Wonderware
- Industry: Software
- Founder: Dennis Morin, Phil Huber
- Products: InTouch, Historian, System Platform, Development Studio, Manufacturing Execution System
- Owner: Aveva

= Wonderware =

Industrial software

Wonderware was a brand of industrial software now owned by Aveva and rebranded under the AVEVA name. Wonderware was part of Invensys plc, and Invensys plc was acquired in January 2014 by Schneider Electric. Invensys plc. was formed in 1999 by the merger of BTR plc and Siebe plc, and Wonderware was acquired by Siebe plc in 1998.

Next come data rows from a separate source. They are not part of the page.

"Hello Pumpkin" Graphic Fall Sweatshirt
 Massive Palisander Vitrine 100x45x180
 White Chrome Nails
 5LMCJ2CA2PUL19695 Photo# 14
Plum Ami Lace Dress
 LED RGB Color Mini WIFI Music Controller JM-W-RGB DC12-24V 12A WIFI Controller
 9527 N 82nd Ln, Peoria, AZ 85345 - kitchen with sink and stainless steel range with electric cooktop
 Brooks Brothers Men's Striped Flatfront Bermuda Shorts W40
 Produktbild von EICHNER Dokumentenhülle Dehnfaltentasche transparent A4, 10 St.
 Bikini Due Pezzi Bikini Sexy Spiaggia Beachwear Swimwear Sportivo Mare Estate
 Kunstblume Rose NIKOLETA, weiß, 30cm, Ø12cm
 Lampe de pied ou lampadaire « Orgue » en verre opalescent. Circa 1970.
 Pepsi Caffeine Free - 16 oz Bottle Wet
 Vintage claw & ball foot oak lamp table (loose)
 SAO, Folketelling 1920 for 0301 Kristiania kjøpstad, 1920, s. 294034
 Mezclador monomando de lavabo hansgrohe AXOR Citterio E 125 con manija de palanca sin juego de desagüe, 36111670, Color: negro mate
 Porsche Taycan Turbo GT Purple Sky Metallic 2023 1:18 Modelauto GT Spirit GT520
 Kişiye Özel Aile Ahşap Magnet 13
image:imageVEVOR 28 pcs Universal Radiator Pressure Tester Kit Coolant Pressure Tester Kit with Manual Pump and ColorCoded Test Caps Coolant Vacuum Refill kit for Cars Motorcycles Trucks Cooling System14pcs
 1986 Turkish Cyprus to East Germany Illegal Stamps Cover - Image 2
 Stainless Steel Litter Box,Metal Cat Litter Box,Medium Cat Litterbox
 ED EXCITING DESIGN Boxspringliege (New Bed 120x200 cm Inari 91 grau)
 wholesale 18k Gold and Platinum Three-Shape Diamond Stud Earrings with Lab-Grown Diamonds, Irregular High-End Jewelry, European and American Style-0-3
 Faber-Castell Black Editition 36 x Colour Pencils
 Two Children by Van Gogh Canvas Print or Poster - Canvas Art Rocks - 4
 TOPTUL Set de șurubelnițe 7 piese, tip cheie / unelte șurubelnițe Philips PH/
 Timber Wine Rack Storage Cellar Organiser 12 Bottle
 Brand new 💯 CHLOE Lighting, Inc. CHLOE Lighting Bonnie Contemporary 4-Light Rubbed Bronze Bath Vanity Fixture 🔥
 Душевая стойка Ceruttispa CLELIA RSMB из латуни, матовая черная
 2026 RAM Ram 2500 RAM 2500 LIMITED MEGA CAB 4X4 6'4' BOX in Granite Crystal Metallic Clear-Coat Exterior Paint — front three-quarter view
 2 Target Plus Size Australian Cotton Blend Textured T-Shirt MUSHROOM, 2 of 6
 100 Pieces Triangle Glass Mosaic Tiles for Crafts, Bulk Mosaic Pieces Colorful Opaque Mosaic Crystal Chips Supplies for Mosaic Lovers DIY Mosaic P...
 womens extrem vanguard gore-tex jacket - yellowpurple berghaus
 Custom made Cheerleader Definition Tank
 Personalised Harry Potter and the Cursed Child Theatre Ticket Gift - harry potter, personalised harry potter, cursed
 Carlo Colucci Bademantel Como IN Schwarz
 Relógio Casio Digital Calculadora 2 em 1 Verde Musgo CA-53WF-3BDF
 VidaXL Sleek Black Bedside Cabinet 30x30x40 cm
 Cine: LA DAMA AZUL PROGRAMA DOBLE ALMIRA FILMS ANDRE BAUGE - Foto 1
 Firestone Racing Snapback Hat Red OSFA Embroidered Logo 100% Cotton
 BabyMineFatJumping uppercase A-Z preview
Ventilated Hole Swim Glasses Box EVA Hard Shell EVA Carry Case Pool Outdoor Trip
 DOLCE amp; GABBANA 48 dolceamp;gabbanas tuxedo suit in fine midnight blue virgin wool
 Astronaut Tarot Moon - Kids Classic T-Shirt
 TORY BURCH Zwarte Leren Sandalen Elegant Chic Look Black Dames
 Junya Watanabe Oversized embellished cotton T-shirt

The Wonderware software now under the AVEVA name is used in various industries, including: Automotive Assembly, Facilities Management, Food and Beverage, CPG, Mining and Metals, Power, Oil and Gas, Chemicals, Energy, Water and Wastewater.

==Distribution==

Over the decades Wonderware built up a network of distributing partners including a group of individually owned partners doing business under the Wonderware name. This network, including those Wonderware named partners, now sell and support AVEVA products. The Wonderware brand and name now only exists as a distribution name for AVEVA.

==History==

Wonderware was co-founded by Dennis Morin and Phil Huber. Both were former employees of another local startup located in Irvine, California.

Wonderware was sold to British-based SIEBE in 1998 for nearly 400 million dollars. By that time, all the founding members had left the company. Co-Founder Phil Huber remains active in startups. Morin died on the last day of 2012. Wonderware became part of Paris-based Schneider-Electric in 2014.

Wonderware was formed as a partnership in 1987 and incorporated in California in 1988 as Wonderware Software Development Corporation. The company reincorporated in Delaware in 1993. At the time, there were other software companies making programs to automate production processes, but Wonderware was the first to introduce a program designed to be used with the Microsoft Windows operating system.

==Mergers and acquisitions==

The original Wonderware Corporation was acquired by Siebe plc in 1998. In 1999, Siebe plc merged with BTR plc to form Invensys plc; in January 2014, Schneider Electric acquired Invensys plc; then in March 2018, AVEVA merged with Schneider Electric Software.